Particularly over the last 25-30 years, these two factors have changed in such a way as to cause the Democratic Party to move ever more rightward. The labor movement, which was the most important popular impetus behind the New Deal, has grown steadily weaker since the mid-1950s and has assumed a largely conservative posture. Moreover, with the exception of the 1972 presidential election, it has given its support to the Democrats unconditionally. Meanwhile, African Americans, whose mass mobilization during the 1950s and 1960s was the driving force behind Johnson’s Great Society programs and triggered the departure of most of the party’s southern racist contingent, have since become a demobilized and captured constituency. As a result, the capacity of both groups to influence the direction of the Democratic Party has diminished significantly. Simultaneously, the party has grown increasingly dependent upon big business, which itself has grown less and less tolerant of even the most moderate proposals for change. This process became most evident in the early 1980s following the election of Ronald Reagan and the establishment of the Democratic Leadership Council (DLC) in early 1985. Founded by a group of primarily southern conservative Democrats, the DLC set out to move the Party to the right by strengthening its ties to business, while distancing it from labor, African Americans, and the poor. This effort came to fruition in 1992 with the election of Clinton and Gore and was further consolidated with the nomination of Gore and Lieberman in 2000.

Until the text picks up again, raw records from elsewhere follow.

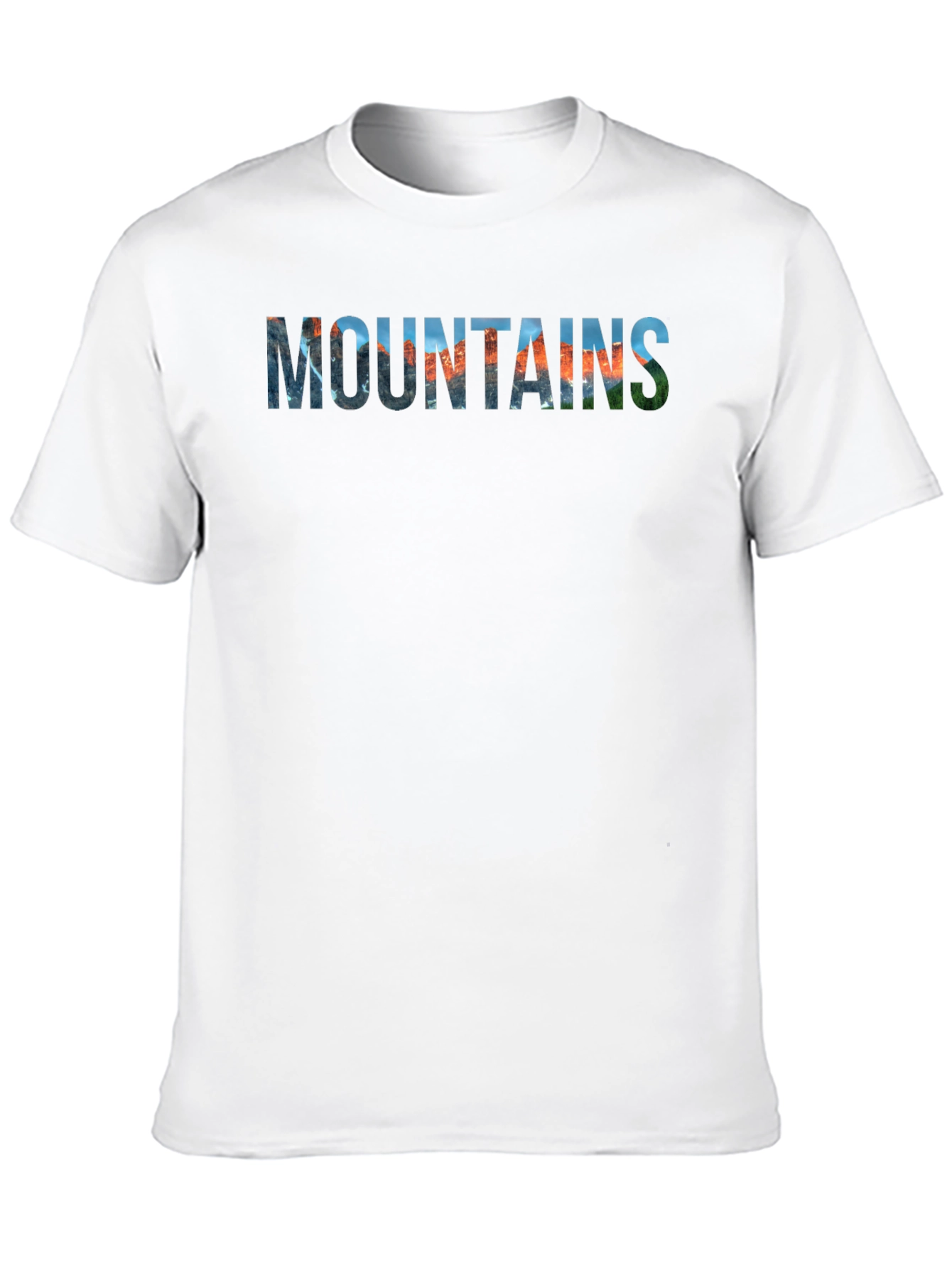 Mountains Graphic Print Black Tee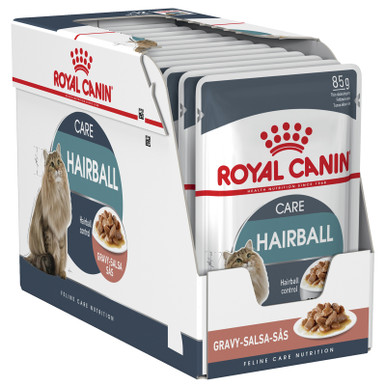 Royal Canin Hairball Care Gravy Wet Cat Food - 12 x 85g Pouches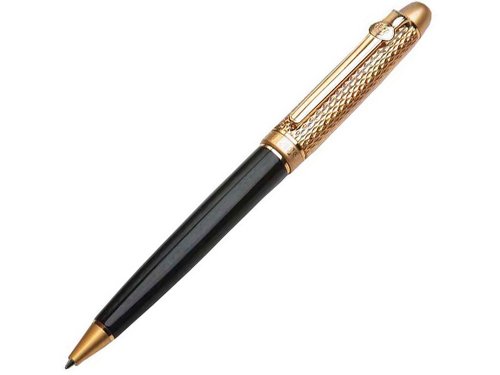 Ручка шариковая Duke Viceroy в футляре, черный/золотистый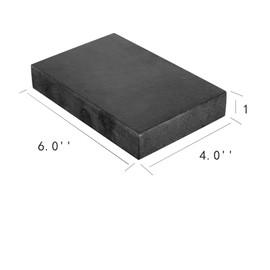 Oudtinx Rubber Bench Block Jeweler's Rubber Bench Block Rubber Stamping Block for Hammering, Shaping, Chasing, Flattening Metals (15CM x 10CM)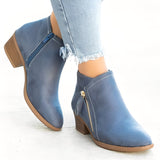 Mirabelle - Elegantes Botas com Fecho para Mulheres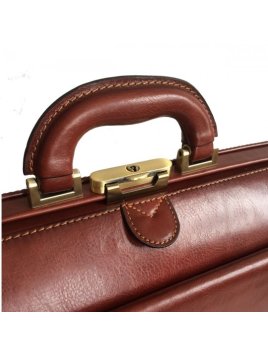 Gerard Henon 5555 - CUIR DE VACHETTE - MARRON gerard henon porte document americain Sac business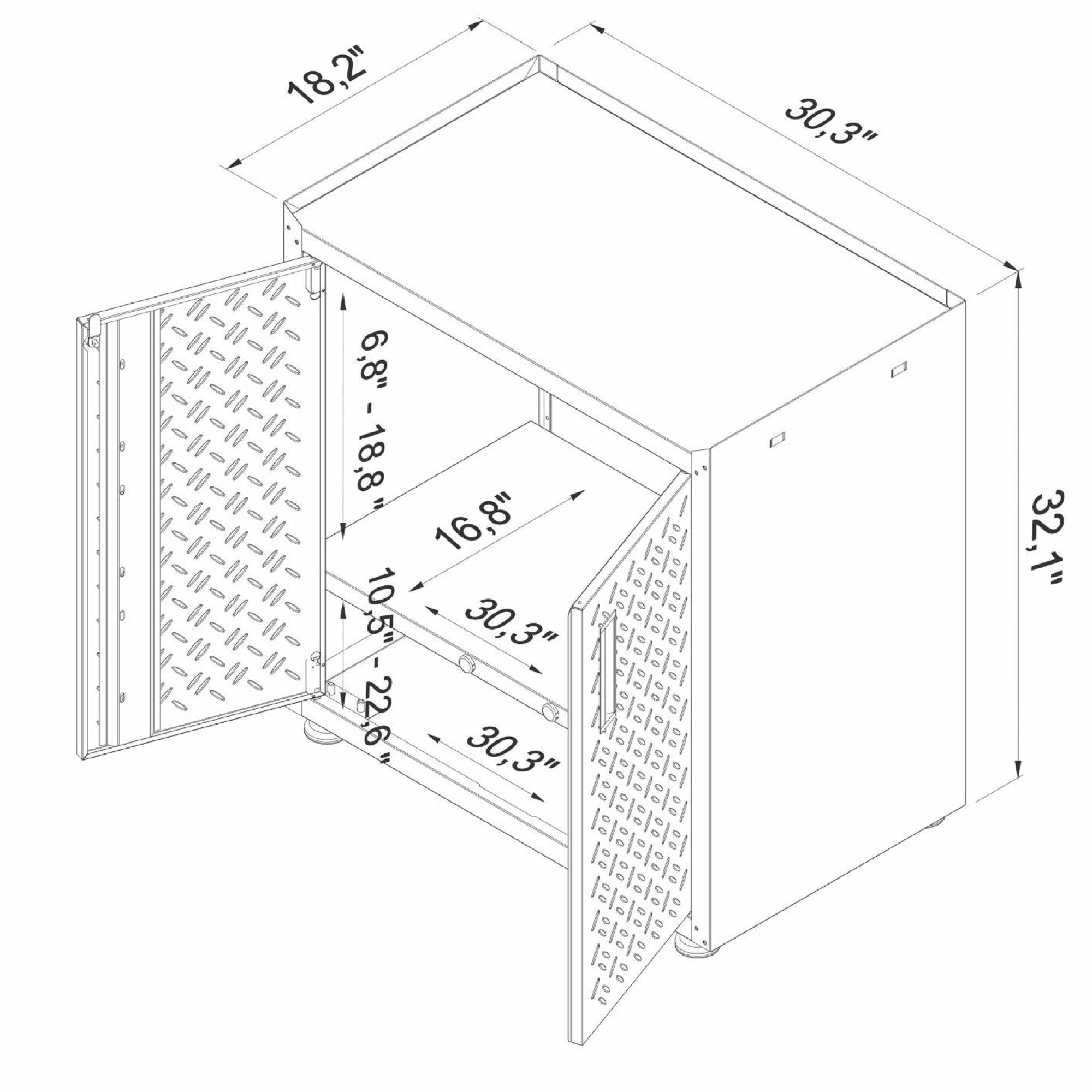 Fortress - Rolling Garage Cabinet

            The DLC’s main argument for pushing the party to the right is that the country itself has moved rightward and that in order to win elections, the party needs to respond to what the voters want. A corollary to this argument is that the Republicans have also moved to the right and that the Democrats must do whatever it takes to keep them out of the White House, including following in their footsteps. But there is virtually no substance to this argument. Survey data indicate that, if anything, the American electorate has become more, not less, “liberal” in its attitudes. In fact, to the degree that Americans have come to oppose government activism, it has not been because they are hostile to government action – to the contrary, they believe that the government should be actively involved in problem-solving – but rather because they have become disillusioned with the government’s capacity for problem-solving.[9] Much of that disillusionment, moreover, can be attributed to the Democrats, who for decades have grown increasingly unwilling or unable to respond to the economic aspirations of poor and working class voters and instead have responded to the demands of the wealthy.

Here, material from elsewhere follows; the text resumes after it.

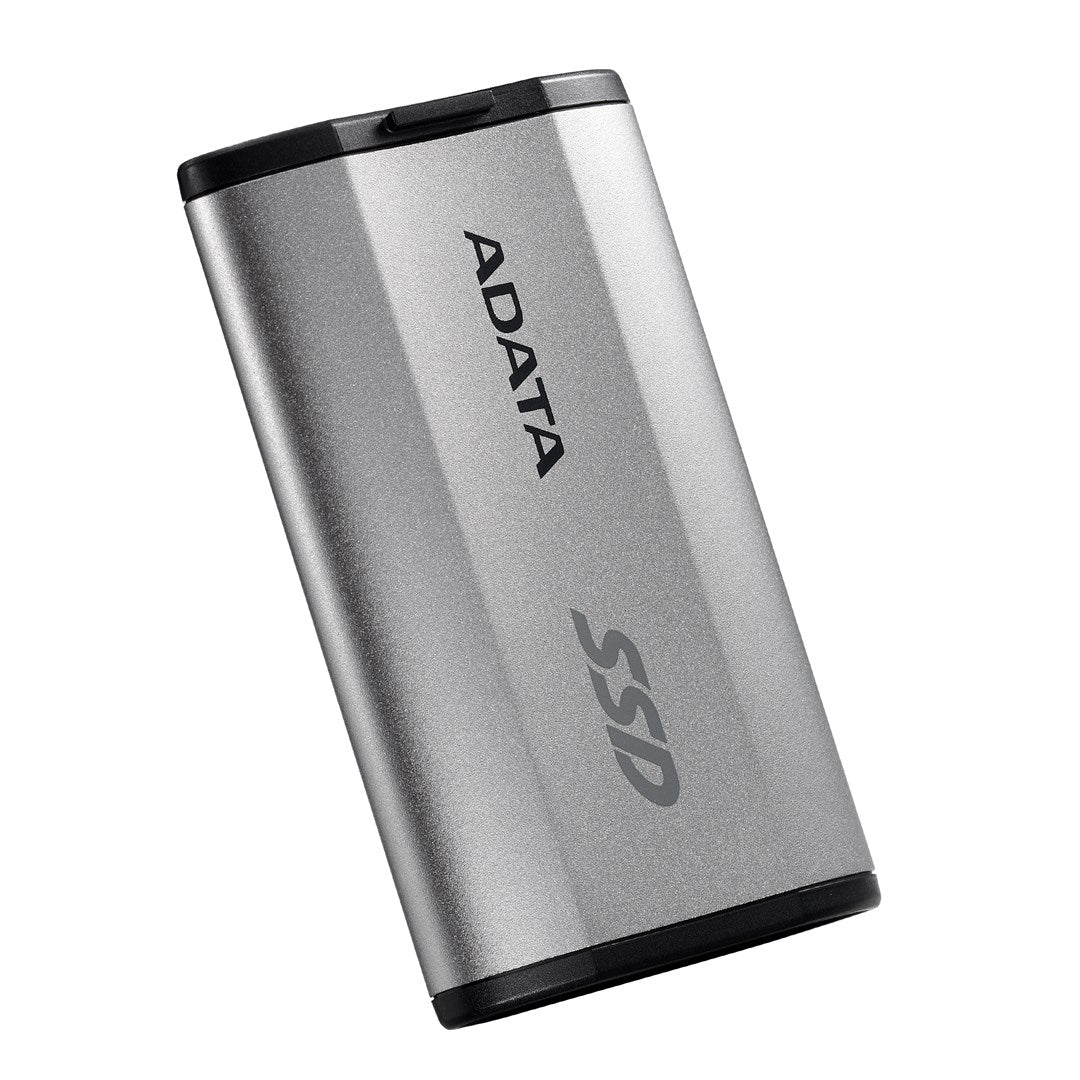 ADATA SD810 - 1 TB - USB Type-C - USB 3.2 Gen 2x2 - 2000 MB/s - Black - Silver - SD810-1000 G-CSG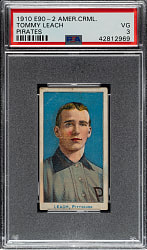 1910 E90-2 American Caramel Tommy Leach PSA VG 3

            Furthermore, rather than simply responding to the rightward shift of the Republicans, the Democrats have at times initiated the move to the right. Indeed, it was the Carter administration that launched Reaganomics, fully two years before Reagan came into office. And it is no surprise that Carter lost to Reagan in 1980, with Carter offering such a dismal option to the working class.[10] Once Reagan was in office, the Democrats also went out of their way to accommodate his policy initiatives, giving him bigger tax cuts and increases in military spending than he had asked for, and much of what he requested in social spending cuts. And rather than responding to the growing discontent among the poor, working class, and racial minorities, they instead engaged in a heightened competition with the Republicans for gaining the backing of business.

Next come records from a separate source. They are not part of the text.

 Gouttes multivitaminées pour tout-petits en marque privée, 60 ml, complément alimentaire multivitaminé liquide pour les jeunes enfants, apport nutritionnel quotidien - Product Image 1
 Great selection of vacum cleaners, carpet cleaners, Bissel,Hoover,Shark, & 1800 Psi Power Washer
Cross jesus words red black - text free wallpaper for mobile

The 1984 campaign of Walter Mondale was itself a revealing case study of the party’s increasing domination by business and its growing distance from its popular electoral constituencies. Particularly striking was the campaign’s deliberate efforts to limit voter turnout among the poor and racial minorities, for fear that it would strengthen the candidacy of Jesse Jackson. Even after winning the nomination, Mondale continued to oppose registration efforts despite a 250-page study written by his aides that concluded that “the only way Mondale can win is by pitching his appeal to the white working class and minorities.”[11] The main problem, of course, was the effect such an appeal would have on the Party’s business backers. Thomas Ferguson and Joel Rogers described the situation well:

As the Mondale campaign made clear, virtually no Democratic business group has a stake in expanding the party’s mass base. To gain the support of millions and millions of poor nonvoters and marginally identifying blue- and white-collar workers, the Democrats would actually have to offer them something – perhaps a progressive tax code, or full employment, or unionization with real power for the rank and file, or enhanced social programs. [But] the party’s dominant business elites are not prepared to do this.[12]

Constrained by his business backers, Mondale thus offered nothing to those voters who could have given the Democrats a victory. Instead, he offered only fiscal restraint and a promise to increase taxes. Coupled with one of the largest political business cycles ever engineered, this was enough to produce a landslide victory for Reagan. In the wake of this defeat, party leaders saw it as an opportunity to push even harder for the strategy that had produced it. Indeed, it was in early 1985 that the DLC was founded. Moreover, instead of rewarding Jesse Jackson with greater influence for his loyalty to the party and the new voters he recruited, the white Democratic establishment (in a preview of their treatment of Nader in 2000) viciously scape-goated him for losing the election. In 1986, party nominating rules were also re-written in an effort to “moderate” the party’s image and advance a candidate that could appeal to conservative white voters.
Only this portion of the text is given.